ACTIVITY
In the data that follows, find the line with "The full Abolarin"; transcribe it, every later line up to the one with "BLUE VELVET BLOUSE", and that line as well, exactly and with no others.

===== AVAILABLE DATA

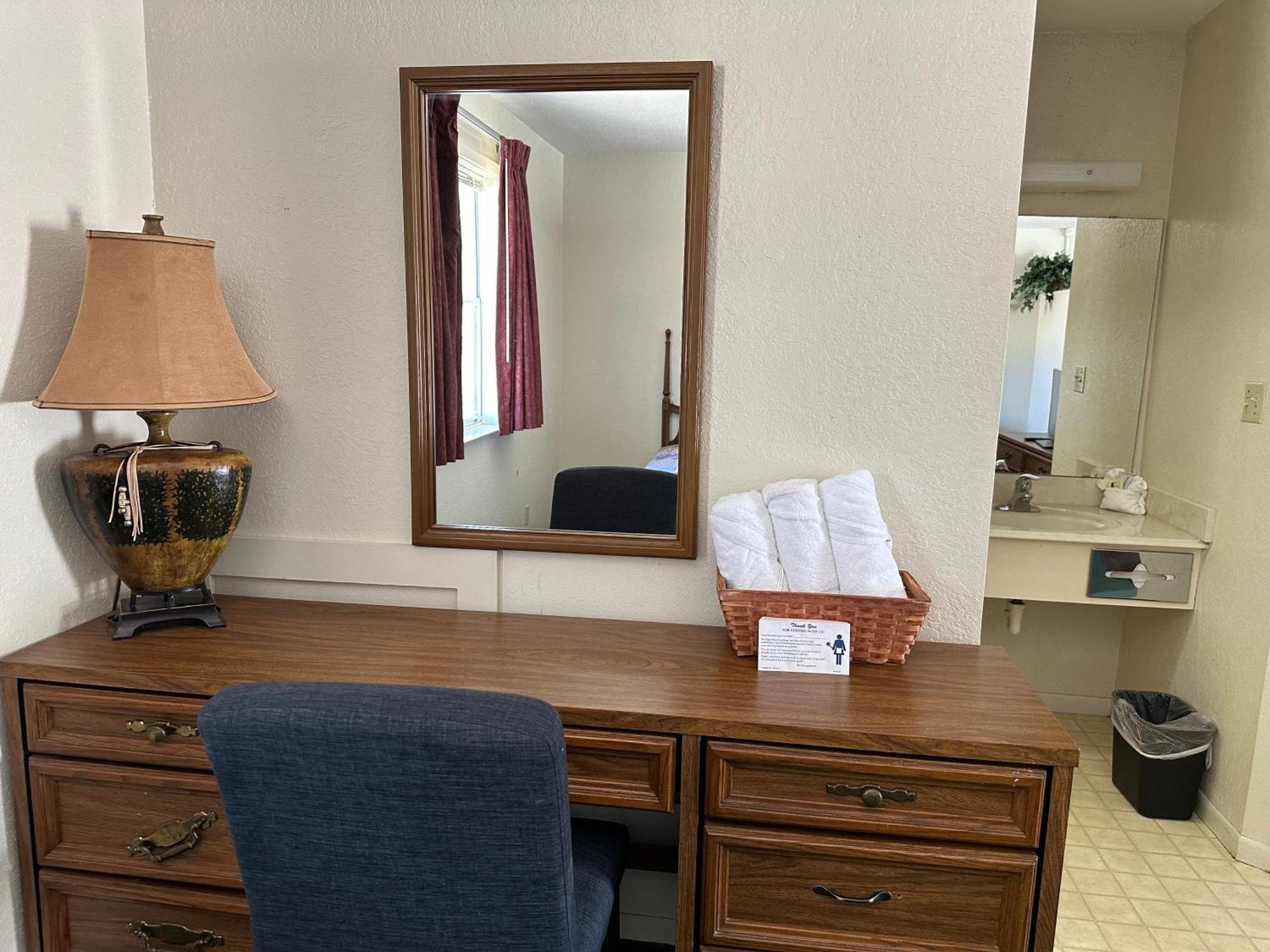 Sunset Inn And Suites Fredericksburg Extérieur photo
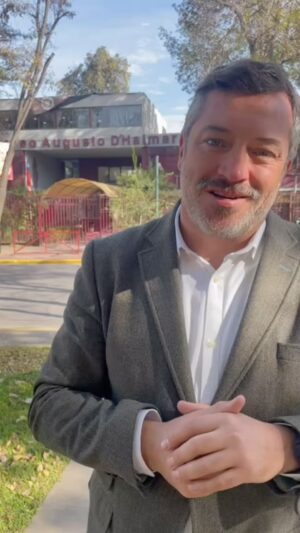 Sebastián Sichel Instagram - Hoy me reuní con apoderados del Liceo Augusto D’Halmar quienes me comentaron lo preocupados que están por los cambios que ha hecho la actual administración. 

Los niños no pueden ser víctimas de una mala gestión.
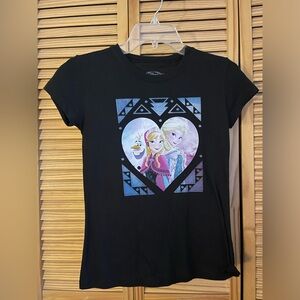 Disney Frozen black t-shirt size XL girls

==========
===== AVAILABLE DATA

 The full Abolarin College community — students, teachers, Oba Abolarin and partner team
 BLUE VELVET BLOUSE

==========
===== AVAILABLE DATA

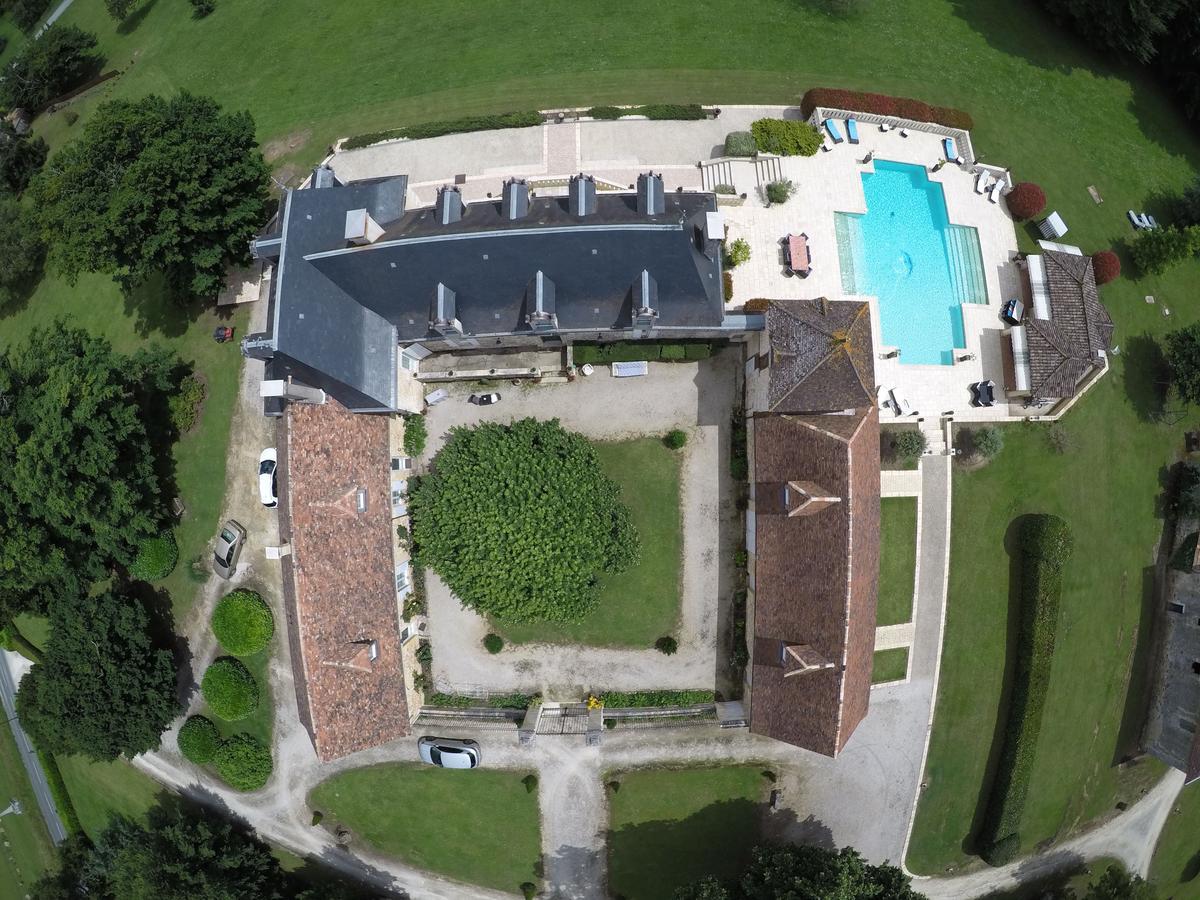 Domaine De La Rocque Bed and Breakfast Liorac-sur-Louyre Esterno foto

==========

OUTPUT OF THE EXERCISE
 The full Abolarin College community — students, teachers, Oba Abolarin and partner team
 BLUE VELVET BLOUSE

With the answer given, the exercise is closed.